Wer ins Parlament oder gar die Regierung will, muss die Ochsentour durchstehen. Eine junge Politikerin wird sich in der Regel parteiintern engagieren, ein kommunales Mandat ergattern, sich einen Namen machen und schließlich einen nationalen Wahlkampf erfolgreich bewältigen. Können wir dann ernsthaft fordern, dass sie als Abgeordnete zurücktritt, wenn sie schwanger wird und damit ihre politische Karriere faktisch beendet?
Eine Frage der Organisation
Der berechtige Einwand lautet: Wie soll eine Elternzeit rein praktisch aussehen? Wird eine Abgeordnete (oder Abgeordneter) während seiner Auszeit ersetzt? Wenn ja, ist das demokratisch? Wenn nein, überfordert das die Kollegen?
Das sind legitime Fragen, doch die Politik fordert von Unternehmen, die weit weniger als 60 Mitarbeiter haben, mit dem Fehlen junger Eltern klarzukommen. Es wäre vermessen, wenn das Parlament das als unmöglich deklariert, was andere Organisationen jeden Tag stemmen.

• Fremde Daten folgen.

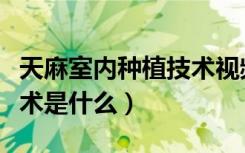 天麻室内种植技术视频播放（天麻室内种植技术是什么）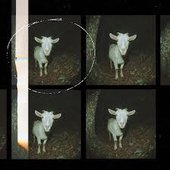 Scary Goat EP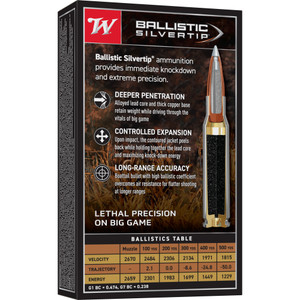Winchester 308  Ballistic Silvertip 168gr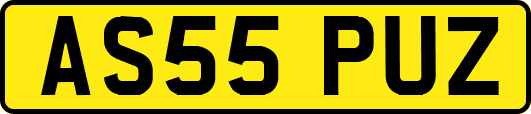 AS55PUZ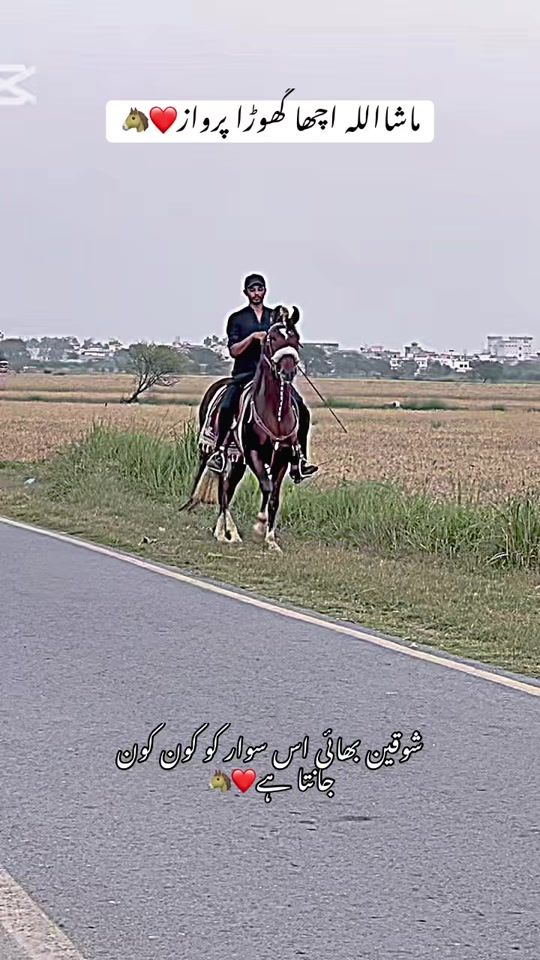 TikTok video thumbnail by 0.gondal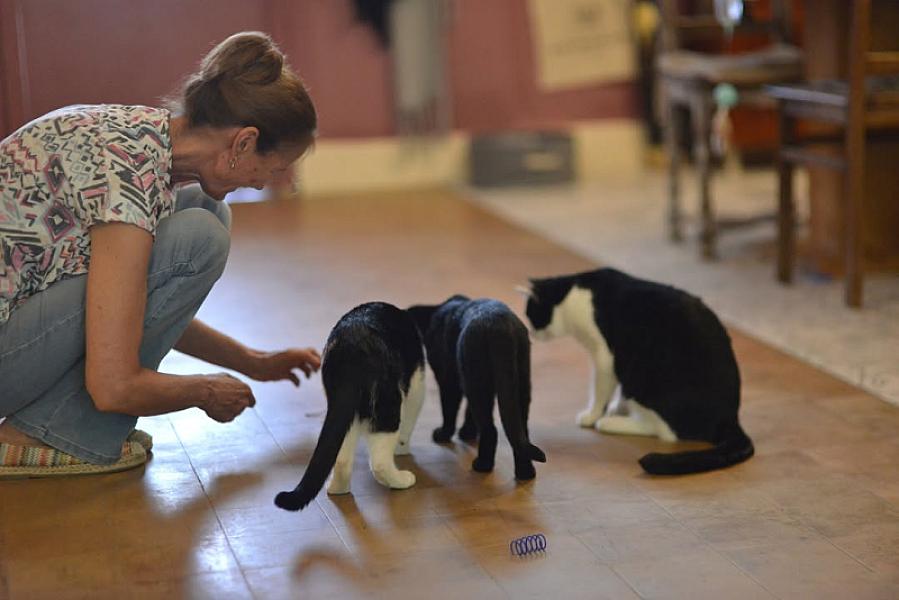 Kattenpraat bericht van 6 juni 2026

Wenn es gerade nicht um Frauen und Kinderkriegen geht, dann sind Politiker sehr erfinderisch: Sie splitten Mandatszeiten, missachten Reihenfolgen beim Wahlergebnis oder nehmen einen zurückgetretenen Staatssekretär wieder ins Parlament auf. Und es geht tatsächlich: Die Differdinger Schöffin Laura Pregno (Déi Gréng) lässt sich während sechs Monaten von einer Gemeinderätin vertreten.
Ein Zeichen gegen die Familienfeindlichkeit setzen
Politik als Beruf ist familienfeindlich. Sitzungen und Versammlungen bis spät abends, „Dëppefester“ am Wochenende und die geforderte, permanente Erreichbarkeit lassen wenig Raum für Partner und Kinder. Das ging lange Zeit, weil der Mann sich auf seine Karriere konzentrierte, während zu Hause seine Frau den Nachwuchs großzog.
Das ist kein Modell für die Zukunft. Wir brauchen ein Parlament, das die Gesellschaft möglichst widerspiegelt. Das ist in vielen Hinsichten schwierig, doch eine Elternzeit für Abgeordnete einzuführen ist einfach. Damit wäre zumindest die Botschaft an Eltern mit Kleinkindern klar: Bitte engagiert euch!